La dictadura fue demasiado grave como para usarla en busca de réditos políticos. Treinta años después aún resulta escalofriante pensar en ella, recordarla. Fueron años en que los militares extendieron institucionalmente el terrorismo y convirtieron al Estado en una máquina de torturar y de matar.

Flojos de papeles, algunos han falsificado sus biografías para mostrar credenciales de luchadores contra el Proceso. Se han vuelto ex combatientes, casi veteranos de guerra. Algo difícil de explicar sin recurrir al oportunismo. Y una impostura que ofende la verdad y la memoria de miles de muertos.No sólo hay una falsa épica. Van y vienen también imágenes de violencia.

Como cuando la Presidenta se compara con Manuel Dorrego para denunciar que es sometida a un "fusilamiento mediático". Los Kirchner siempre han practicado fanáticamente la victimización. Ahora han dado un paso más. Al anunciar la estatización del fútbol, la Presidenta asimiló la prohibición de transmitir goles a los secuestros en la dictadura. Un contrato comercial, equiparado con un delito de lesa humanidad. Pérdida de dimensión de la realidad.

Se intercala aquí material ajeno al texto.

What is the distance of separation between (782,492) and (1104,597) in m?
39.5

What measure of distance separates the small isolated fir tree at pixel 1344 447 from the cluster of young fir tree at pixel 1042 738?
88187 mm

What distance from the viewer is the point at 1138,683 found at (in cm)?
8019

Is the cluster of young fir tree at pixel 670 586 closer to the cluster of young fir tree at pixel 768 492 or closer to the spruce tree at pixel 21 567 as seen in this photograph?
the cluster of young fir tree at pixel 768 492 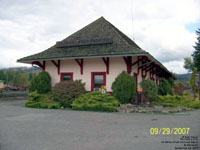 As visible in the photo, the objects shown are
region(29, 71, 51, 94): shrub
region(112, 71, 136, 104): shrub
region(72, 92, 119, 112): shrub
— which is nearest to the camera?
region(72, 92, 119, 112): shrub

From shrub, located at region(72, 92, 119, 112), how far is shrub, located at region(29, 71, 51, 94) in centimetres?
416

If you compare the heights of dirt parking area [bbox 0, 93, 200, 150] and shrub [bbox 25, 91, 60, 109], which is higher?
shrub [bbox 25, 91, 60, 109]

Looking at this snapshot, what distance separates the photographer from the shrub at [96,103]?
11289 millimetres

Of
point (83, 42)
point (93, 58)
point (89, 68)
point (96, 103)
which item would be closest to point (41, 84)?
point (89, 68)

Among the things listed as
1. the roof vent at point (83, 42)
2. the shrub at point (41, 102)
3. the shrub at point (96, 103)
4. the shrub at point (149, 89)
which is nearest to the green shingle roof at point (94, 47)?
the roof vent at point (83, 42)

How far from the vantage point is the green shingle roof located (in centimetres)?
1342

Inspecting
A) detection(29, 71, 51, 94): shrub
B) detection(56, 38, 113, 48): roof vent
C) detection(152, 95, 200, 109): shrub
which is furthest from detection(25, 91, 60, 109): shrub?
detection(152, 95, 200, 109): shrub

El exabrupto disparó críticas desde las organizaciones de derechos humanos y vuelve a interrogar el grado de sinceridad de la posición oficial en ese tema (Duras críticas a Cristina por vincular a los desaparecidos con el fútbol) Sobre todo cuando la Presidenta elogió en el mismo discurso la valentía de Julio Grondona, el jefe del fútbol ahora aliado. A lo Luis Barrionuevo, el ministro Aníbal Fernández prometió entretanto que meterá presos a todos los dirigentes que roben "de ahora en más" ("De aquí en más, el que se lleva algo va a ir preso") Nada hacia atrás. A veces conviene abandonar el espejo retrovisor y mirar sólo para adelante.